Chapter 5 Election data in R

Elections tend to create fascinating data sets. They are spatial in nature, comparable over time (i.e. the number of electorates roughly stays the same) - and more importantly they are consequential for all Australians.

Australia’s compulsory voting system is a remarkable feature of our Federation. Every three-ish years we all turn out at over 7,000 polling booths our local schools, churches, and community centres to cast a ballot and pick up an obligatory election day sausage. The byproduct is a fascinating longitudinal and spatial data set.

The following code explores different R packages, election data sets, and statistical processes aimed at exploring and modelling federal elections in Australia.

One word of warning: I use the term electorates, divisions, and seats interchangeably throughout this chapter.

5.1 Getting started

Let’s load up some packages

#Load packages
library(ggparliament)
library(eechidna)
library(dplyr)
library(ggplot2)
library(readxl)
library(tidyr)
library(tidyverse)
library(purrr)
library(knitr)
library(broom)
library(absmapsdata)
library(sf)
library(tmap)
library(rmarkdown)
library(bookdown)

Some phenomenal Australia economists and statisticians have put together a handy election package called eechidna. It includes three main data sets for the most recent Australia federal election (2019).

  • fp19: first preference votes for candidates at each electorate

  • tpp19: two party preferred votes for candidates at each electorate

  • tcp19: two candidate preferred votes for candidates at each electorate

They’ve also gone to the trouble of aggregating some census data to the electorate level. This can be found with the abs2016 function.

data(fp19)
data(tpp19)
data(tcp19)
data(abs2016)

# Show the first few rows
#head(tpp16) %>% kable("simple")
#head(tcp16) %>% kable("simple")
DT::datatable(tpp19)
DT::datatable(tcp19)

5.2 Working with election maps

As noted in the introduction, elections are spatial in nature.

Not only does geography largely determine policy decisions, we see that many electorates vote for the same party (or even the same candidate) for decades. How electorate boundaries are drawn is a long story (see here, here, and here).

The summary version is the AEC carves up the population by state and territory, uses a wacky formula to decide how many seats each state and territory should be allocated, then draws maps to try and get a roughly equal number of people in each electorate. Oh… and did I mention for reasons that aren’t worth explaining that Tasmania has to have at least 5 seats? Our Federation is a funny thing. Anyhow, at time of writing this is how the breakdown of seats looks.
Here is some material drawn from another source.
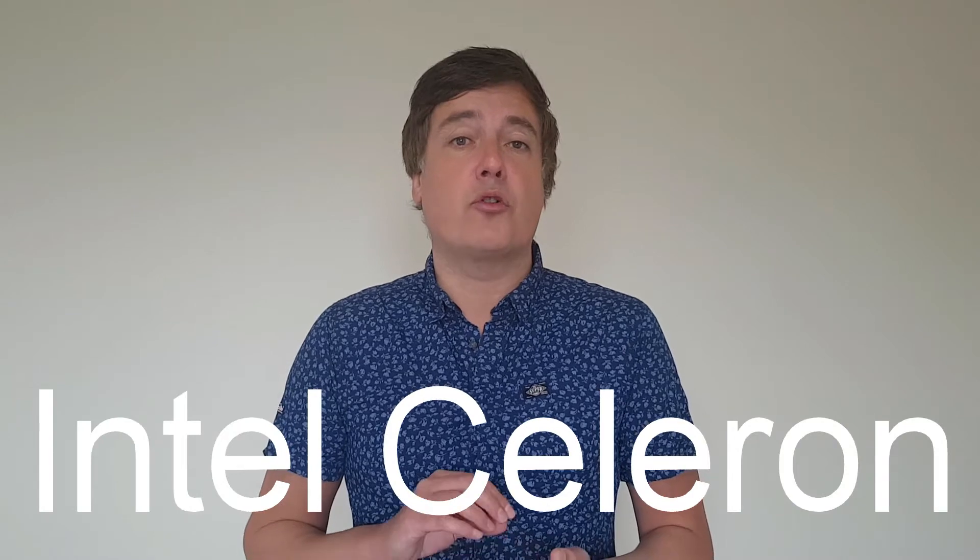The next thing to look at is performance, and the first thing will be the processor. Nearly every budget Chromebook will have an Intel Celeron processor or something similar — about 90% of them have the Intel Celeron. That's the first thing you need to accept when buying a budget Chromebook. You will not get a budget Chromebook with an Intel i5 processor, because it would cost hundreds more.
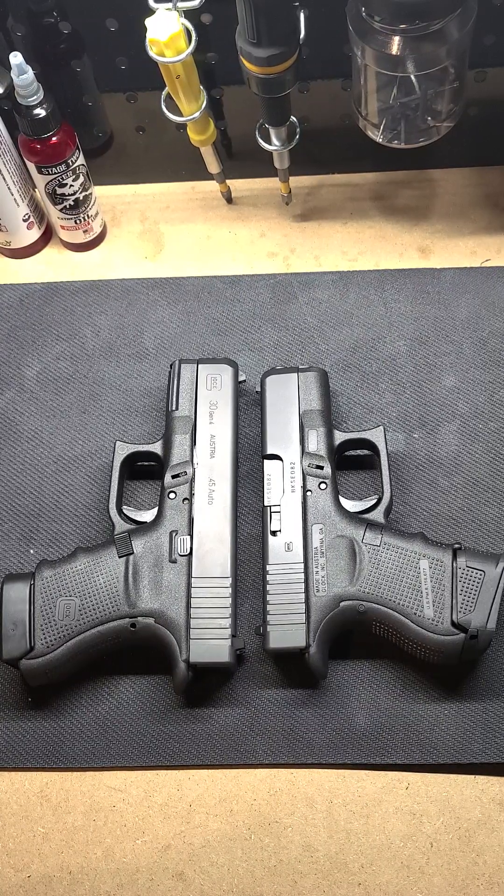Ladies and gentlemen, once again, it's your boy Mr. 945. Y'all know what time it is. So, in the spirit of not having to come across as a Smith & Wesson fanboy — although I am — I had to spread the love to the Glocks.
State/Territory Number of members of the House of Representatives
New South Wales 47
Victoria 39
Queensland 30
Western Australia 15
South Australia 10
Tasmania 5
Australian Capital Territory 3
Northern Territory 2*
TOTAL 151

Note: The NT doesn’t have the population to justify it’s second seat . The AEC scheduled to dissolve it after the 2019 election but Parliament intervened in late 2020 and a bill was passed to make sure both seats were kept (creating 151 nationally).

How variant are these 151 electorates in size?

Massive. Durack in Western Australia (1.63 million square kilometres) is by far the largest and the smallest is Grayndler in New South Wales (32 square kilometres).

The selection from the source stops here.